Another Toyota Man Initially the Favorite

Fujio Mitarai, President of Canon, is to be elected Chairman of Nippon Keidanren (Japan Business Federation), Japan's leading business organization.
Fujio Mitarai, President of Canon, is to be elected Chairman of Nippon Keidanren (Japan Business Federation), Japan's leading business organization.
 

   In addition to Mitarai, current Keidanren Chairman Hiroshi Okuda had eyed Toyota Motor Corp. Vice-Chairman Fujio Cho and Hitachi, Ltd. President Etsuhiko Shoyama as his successor. His favored candidate was Cho. Although both are Toyota men, Cho knows a lot about Keidanren because, as Toyota vice president, he served as No. 2 to fellow Toyota top-ranker Shoichiro Toyoda when he was chairman of Keidanren (currently Toyoda is Keidanren's honorary chairman). Cho has a calm personality and few enemies, characteristics which earned him wide support from all quarters as a possible Keidanren leader. But Toyoda warned Okuda that another Toyota man in the top spot could prompt strong objections from business circles, and urged that somebody else be chosen-as early as possible, as the longer the selection took the harder it would be to find somebody as suitable as Cho.
   Okuda sounded out Shoyama. Hitachi has traditionally furnished Keidanren with vice-chairmen, and the company has a good grasp of Keidanren's role in the business world. Shoyama, however, ruled himself out, because his companys business performance is currently lackluster and he felt the chairmanship would be too heavy a responsibility. That left only Mitarai, Okuda told Toyoda.
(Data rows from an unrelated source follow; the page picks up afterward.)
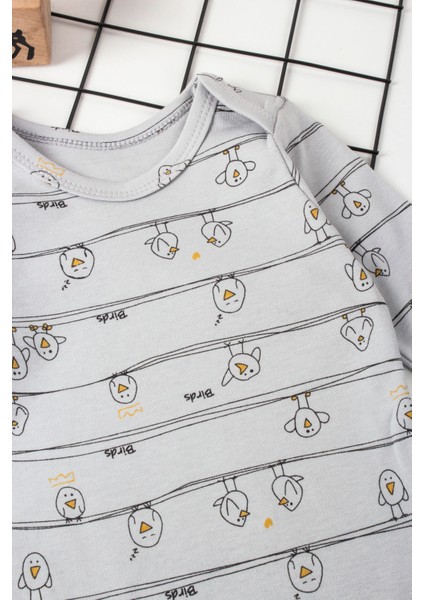 Birds Kuş Baskılı Unisex Çıtçıtlı Badi fiyatları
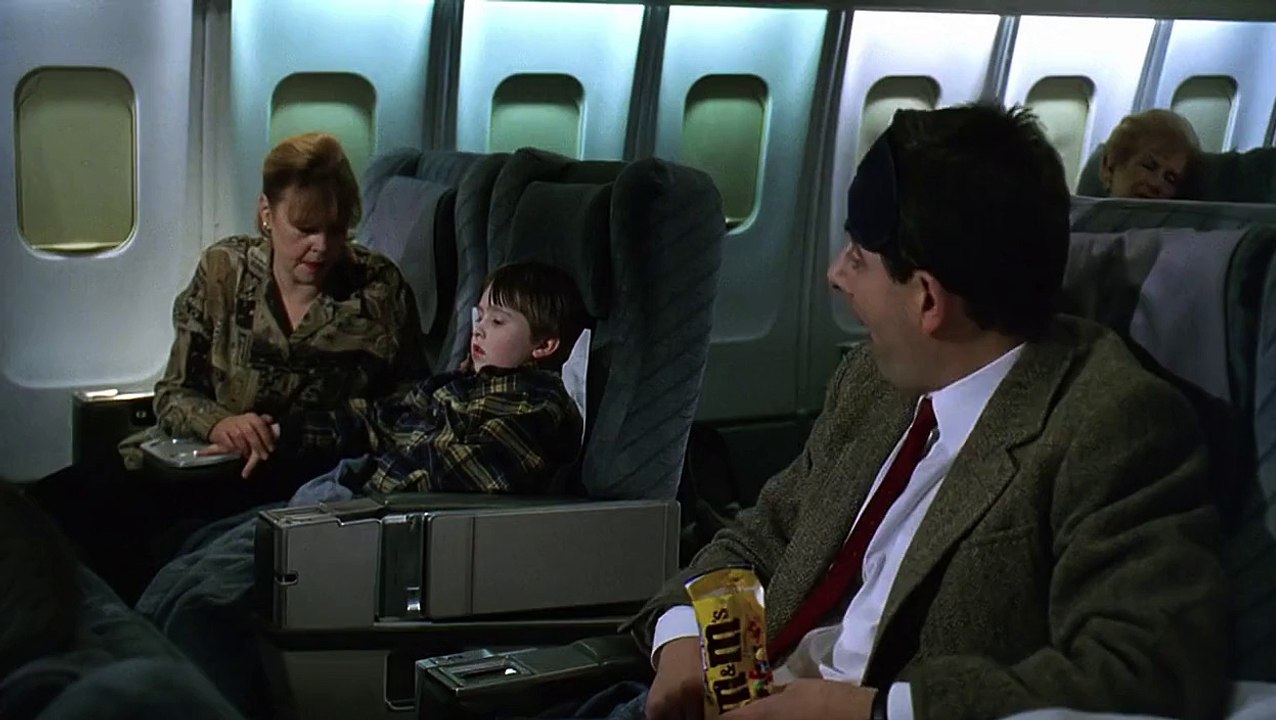 Mr. Bean on the plane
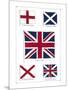 Flags of the United Kingdom, The Union Jack and Its Components-null-Mounted Giclee Print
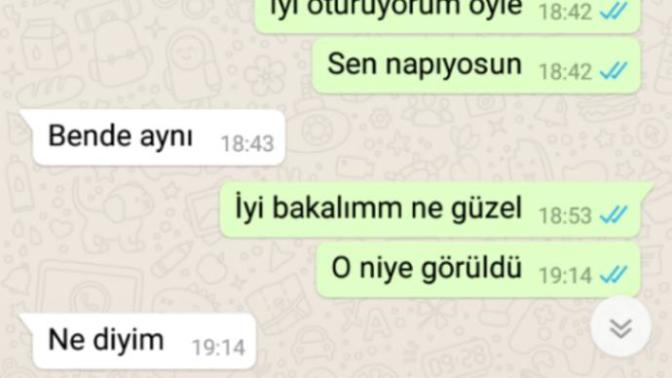 Konuşmaya bakar mısınız? Neden ilk mesajı kendisi atıpta sonrasını devam ettiremiyor? Konu bulmayı bana yıkıyor?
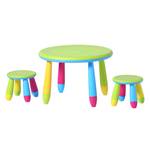 Kindersitzgruppe Emil Mini (3-teilig) Kunststoff - Mehrfarbig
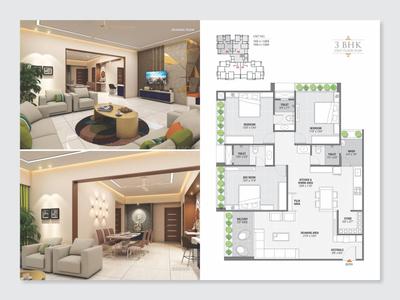 Image of 2900 Sq.ft 4 BHK Apartment / Flat for sale in Balmukund Lavish, Kudasan, Gandhinagar for Rs. 22500000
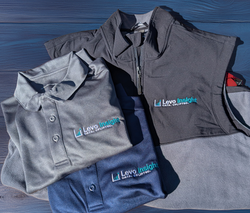 embroidered polos and vest - work apparel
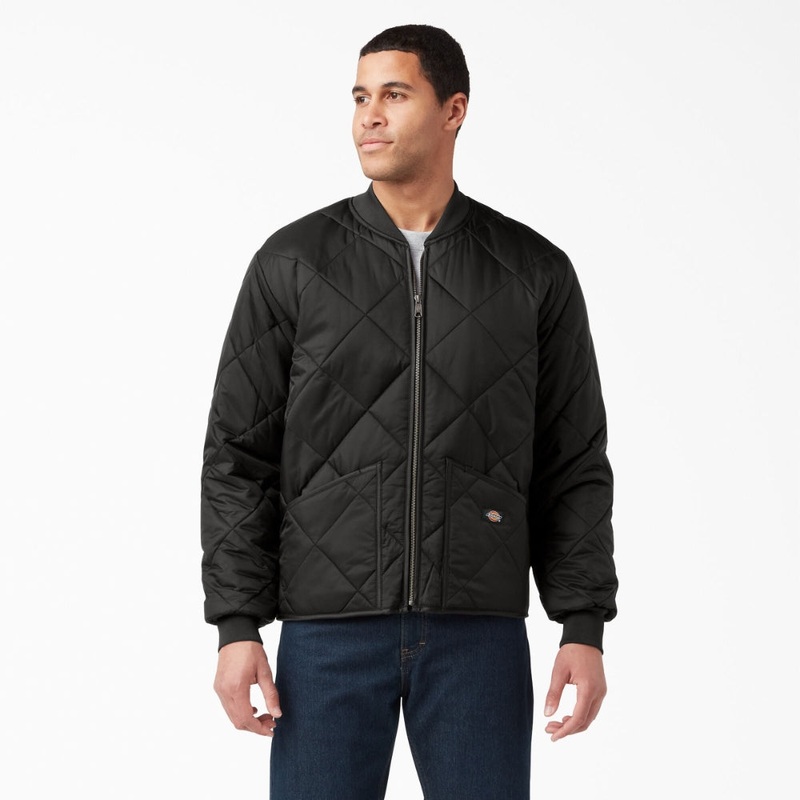 Dickies Men’s Diamond Quilted Jacket Black S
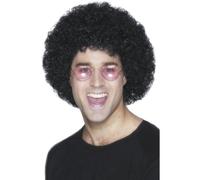 Adulti Smiffys Parrucca Afro Nera Nylon 42033 Accessorio Costume Disco 1970s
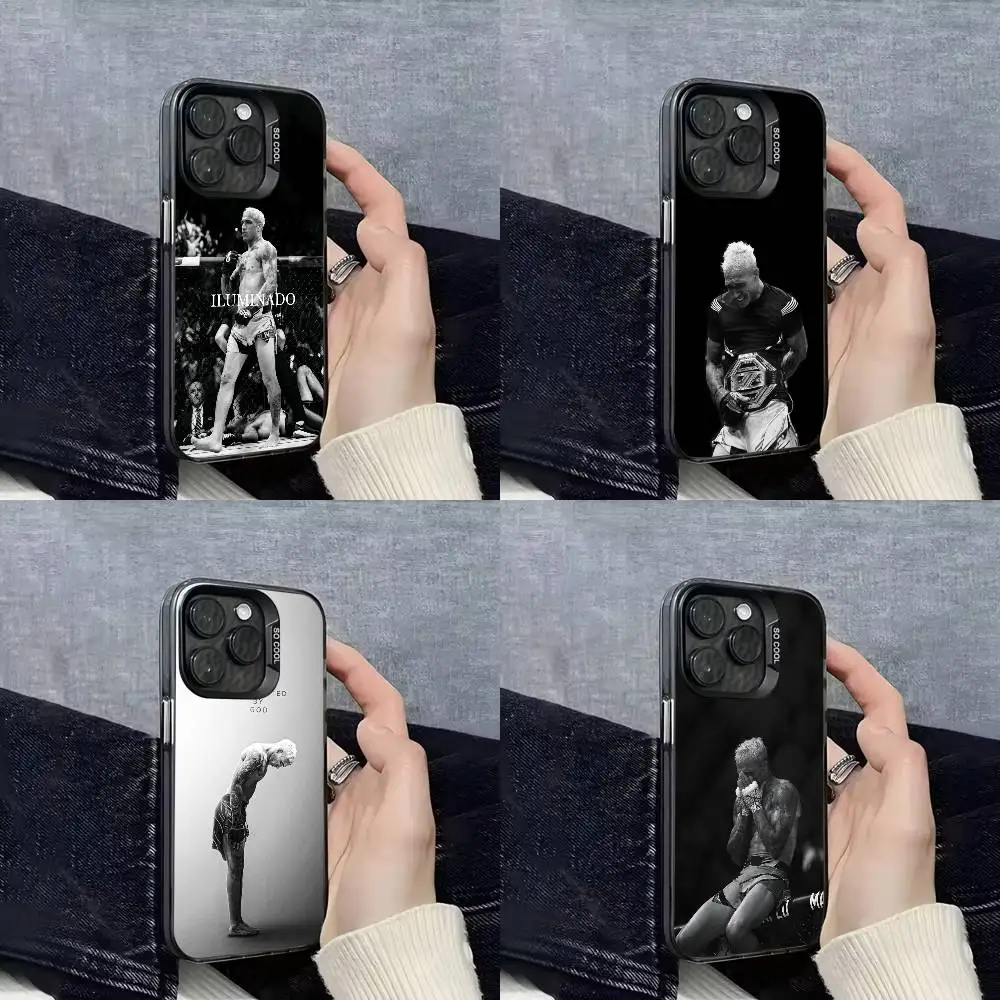 

Brazil C-Charles Oliveira Phone Case For iPhone 17,16,15,14,13,12,11,Pro,Max,Plus,E,Air,Mini Black IMD Cover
Dislike of Political Donations Could be Stumbling Block

   Mitarai would be the first Canon man to lead one of Japan's influential business organizations. Ryuzaburo Kaku, a former Canon president, once served as vice-representative of the Japan Association of Corporate Executives (Keizai Doyukai). He was initially reluctant to take up the Keizai Doyukai post, saying publicly that he disliked the organization's political activities. But then-leader Takashi Ishihara persuaded him to change his mind.
   No sooner had Kaku taken his Keizai Doyukai post, however, than he caused a stir by remarking that 'politicians have neither philosophy nor principles,' when former Prime Minister Yasuhiro Nakasone rejoined the ruling Liberal Democratic Party after his temporary expulsion on suspicion of political corruption. Saying he would make no political donations, Kaku distanced himself from other leading business figures. Mitarai cannot make political donations because more than 50% of Canon shares are held by foreign investors, and this creates legal obstacles. Theoretically, he could channel funds through Canon's subsidiary Canon Sales, Co. Inc., but some leading business figures still say Mitarai would be handicapped by his inability to make political donations freely. Okuda has emphasized the need for political donations by Keidanren, to boost the organization's influence.
   And then there is Mitarai's 23-year stay in the United States, where he built up Canon's sales network. Many observers expect him to improve relations between Keidanren and the United States, but Mitarai is known to have doubts about the American way of business management. He is a strong supporter of Japanese practices such as life-time employment and in-house independent labor unions. Canon does not intend to copy Sony Corp. or ORIX Corp. and work through problem-solving committees after the American pattern. Like Toyota and Nippon Steel Corp., it is likely to stick to Japanese ways. As chairman of Keidanren, observers hope will Mitarai take the best parts of both Japanese and US business practice and create a new management paradigm for Keidanren.